Por: José Hernández
Director Adjunto
El correísmo obtendrá otra gran victoria en febrero. No hay
razones objetivas para pensar lo contrario. Salvo Guayaquil, si la lógica tiene
aún asidero, el Presidente habrá concluido la tarea de alinear, a su favor, los
factores políticos nacionales y locales.
Correa se desprendió, primero, de sus aliados, renegó de
parte del texto constitucional que hoy ve como una camisa de fuerza, puso en
cintura a los militantes que creían que podrían pensar por cuenta propia, creó
un Estado de propaganda, alineó a los empresarios, controló los movimientos
sociales y, ahora, se dispone a convertirse en el jefe de líderes y caciques
locales. La concentración de poder es inconmensurable. El correísmo tendrá, al
fin, un perfil de cuerpo entero: un movimiento político ecléctico, hecho con
retazos de la política nacional, deslindado por completo de la izquierda
ortodoxa y cuyo referente ideológico mayor es un nacionalismo de uso múltiple.

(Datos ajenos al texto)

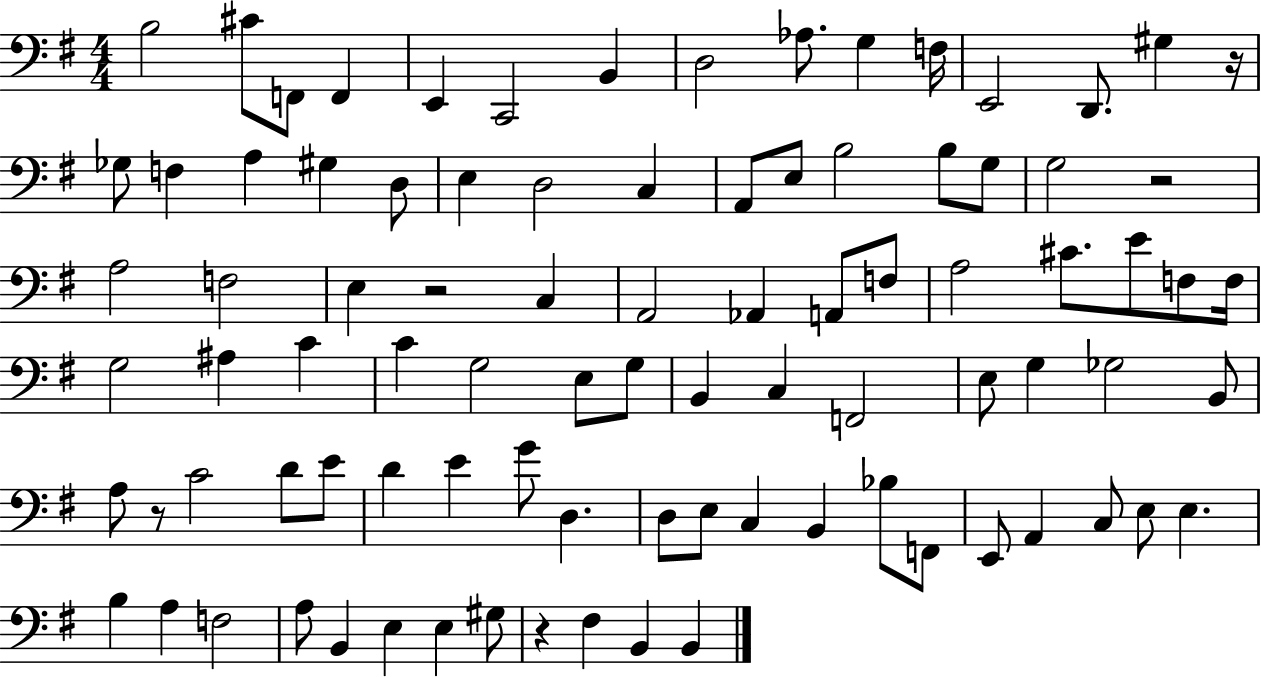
X:1
T:Untitled
M:4/4
L:1/4
K:G
B,2 ^C/2 F,,/2 F,, E,, C,,2 B,, D,2 _A,/2 G, F,/4 E,,2 D,,/2 ^G, z/4 _G,/2 F, A, ^G, D,/2 E, D,2 C, A,,/2 E,/2 B,2 B,/2 G,/2 G,2 z2 A,2 F,2 E, z2 C, A,,2 _A,, A,,/2 F,/2 A,2 ^C/2 E/2 F,/2 F,/4 G,2 ^A, C C G,2 E,/2 G,/2 B,, C, F,,2 E,/2 G, _G,2 B,,/2 A,/2 z/2 C2 D/2 E/2 D E G/2 D, D,/2 E,/2 C, B,, _B,/2 F,,/2 E,,/2 A,, C,/2 E,/2 E, B, A, F,2 A,/2 B,, E, E, ^G,/2 z ^F, B,, B,,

En el correísmo caben todos: viejos populismos, derechas e
izquierdas, creyentes y agnósticos, progresistas y reaccionarios, patronos y
obreros, tecnócratas y politiqueros… Correa ya no le debe nada a nadie y se
apresta, en estas elecciones, a perfilar el viejo sueño de articular
políticamente la fanesca nacional. Tres condiciones prevalecen: querer que el
país cambie, cerrar los ojos sobre las formas en que su Gobierno opera y
admitir una sumisión incondicional al líder. La lluvia de petrodólares le
aseguran condiciones económicas que ningún otro Presidente ha tenido.
Correa expandirá, entonces, su margen de maniobra política.
Su reto ya no estará en convencer a los electores que su modelo político, que
surfea sobre una bonanza económica regional innegable, es exitoso. Su mayor
desafío está en encontrar líneas rojas para evitar que su Gobierno caiga en el
despotismo absoluto. Por ahora, él ha probado que las líneas rojas
tradicionales, aún aquellas que aceptó tener en la Constitución, le son ajenas.
No hay, por lo que se ve, obstáculo alguno a su voluntad. O a sus decisiones.
No hay institución alguna (aún aquellas cuya vocación es refrenar al Estado,
como la Defensoría del Pueblo) que muestren un mínimo de autonomía con respecto
a acciones en las cuales no se respetan ni las formalidades jurídicas.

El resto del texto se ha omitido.